Woods, who equaled the record of Gary Player (1959-1982) and Fred Couples (1983-2007) last year before retiring due to injury in the third round, dreams, not surprisingly, of wearing the "green jacket" for the sixth time, emulating Nicklaus, who has won 18 majors compared to Woods' 15.

"If everything goes according to plan, I think I might have a chance," explained the American phenomenon. "I love golf, and playing here is always an emotion, even 29 years after the first time. I hope, this year, to participate in all four Majors." Then there's the possibility of leading the US team at the 2025 Ryder Cup.

"We're still talking about it; I'll meet with the CEO of the PGA of America next week," he revealed. Among the favorites for the title is undoubtedly Scottie Scheffler. The American, ranked number 1 in the world, won the Masters in 2022.

Coming off two victories (Arnold Palmer Invitational and The Players Championship) and a second place (Houston Open) in his last three tournaments on the PGA Tour, he will face Rory McIlroy as one of his main rivals. The Northern Irishman, ranked second in the world, has not won a Major in ten years (The Open, July 2014).

In the 16th Masters of his career, he will try for the tenth time to complete the "Grand Slam" to join the likes of Gene Sarazen, Ben Hogan, Player, Nicklaus, and Woods in history. "Sooner or later, he'll make it, I'm sure," Woods opined.

In this tournament, which has so far eluded him, McIlroy has achieved seven Top 10 finishes, including a second place in 2022. Only 60th in 2023, coming off a third place in the Texas Open, to win the Masters, he has relied on swing guru Butch Harmon, revolutionizing his preparation and deciding to skip the traditional "Par 3 Contest," the champions' show with their families tomorrow ahead of the contest.

Then it's serious, with Nicklaus, Player, and Tom Watson symbolically starting the challenge as "honorary starters." After many years, there won't be any Italians in the field, not even Francesco Molinari, who came close to the greatest achievement of his career at Augusta in 2019.

Italy will still be represented.
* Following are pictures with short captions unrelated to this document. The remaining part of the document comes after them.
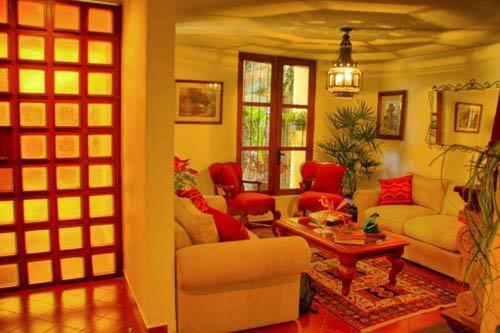 Bed & Breakfast La Casita Del Patio 2*
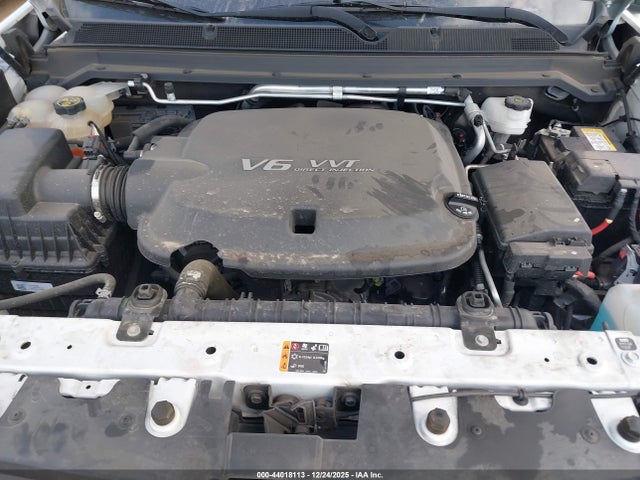 2022 CHEVROLET COLORADO 1GCGSBEN3N1322559 Photo 9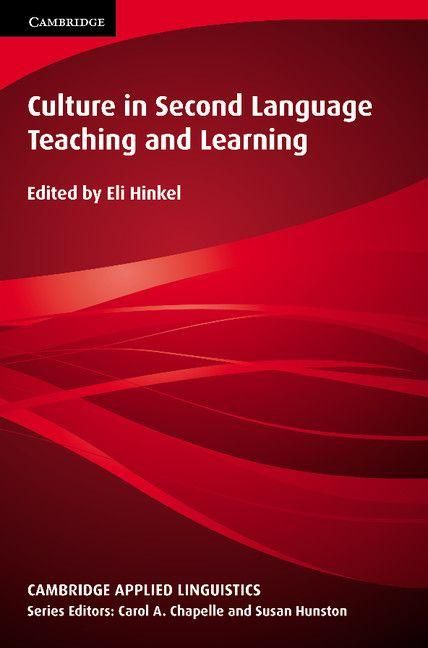 Produktbild: Culture in Second Language Teaching and Learning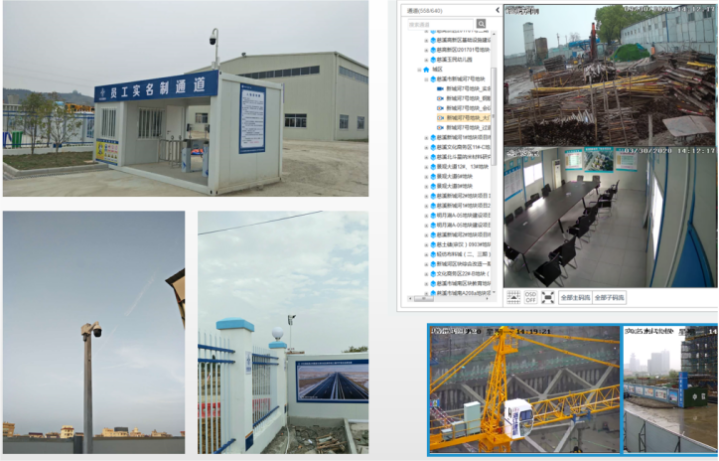 知行华智：为什么要建设智慧工地？
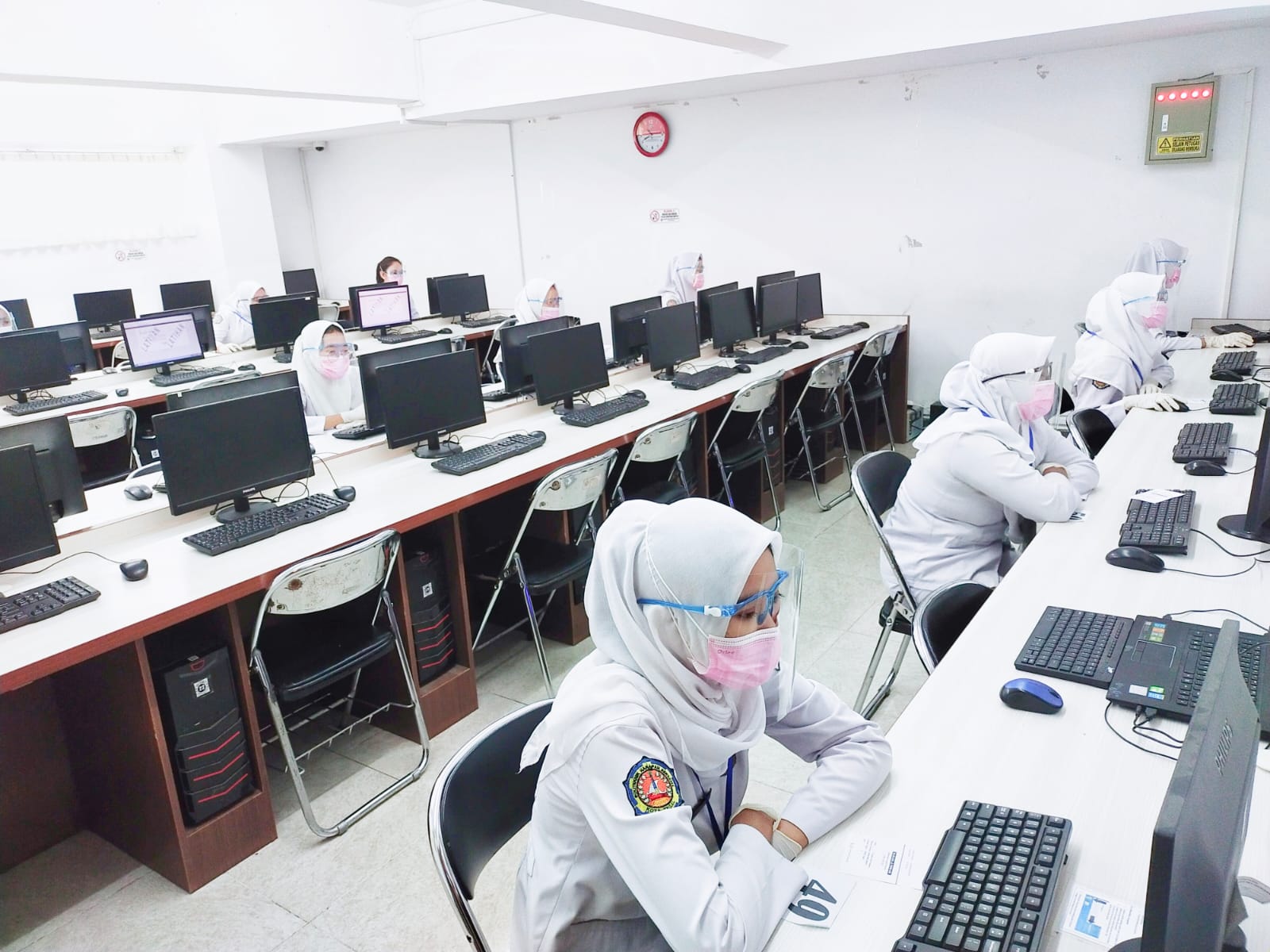 Uji Kompetensi Tenaga Teknis Kefarmasian (UKTTK) Siapa Takut?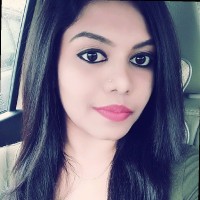 ZineMind Technologies Employee Rahi Hareendranth's profile photo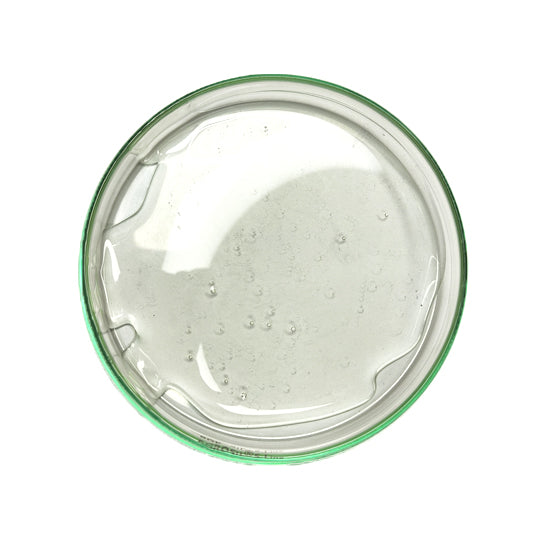 Transparent Pet Shampoo Bases - Ready to Use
Lorenzo Gagli, who recently decided to retire from competitive play, will be the caddie for José María Olazábal. Not just any player but a timeless champion, already captain of the European team at the 2012 Ryder Cup, who has won the Masters twice: in 1994 and 1999.

Conversely, the absence of Angel Cabrera is notable. The Argentine, who won the Masters in 2009, was released from a Brazilian prison last August after serving two-thirds of his sentence (3 years and 10 months) for domestic violence but is currently unable to enter the United States.

There are eighteen past winners in the field, seven of whom are from the Arabian Super League (including Phil Mickelson, second in 2023 alongside Brooks Koepka, and Dustin Johnson). The prize money is still top secret, and among azaleas and magnolias, on the course designed by Bobby Jones, among the golfing icons, it will be a show of competition.

The tournament that creates legends and guarantees a place in the history of sports and golf may well be decided on the "Amen Corner" (holes 11, 12, and 13), a creation of a Sports Illustrated journalist who borrowed the name from an old jazz tune, "Shouting at Amen Corner," in 1958.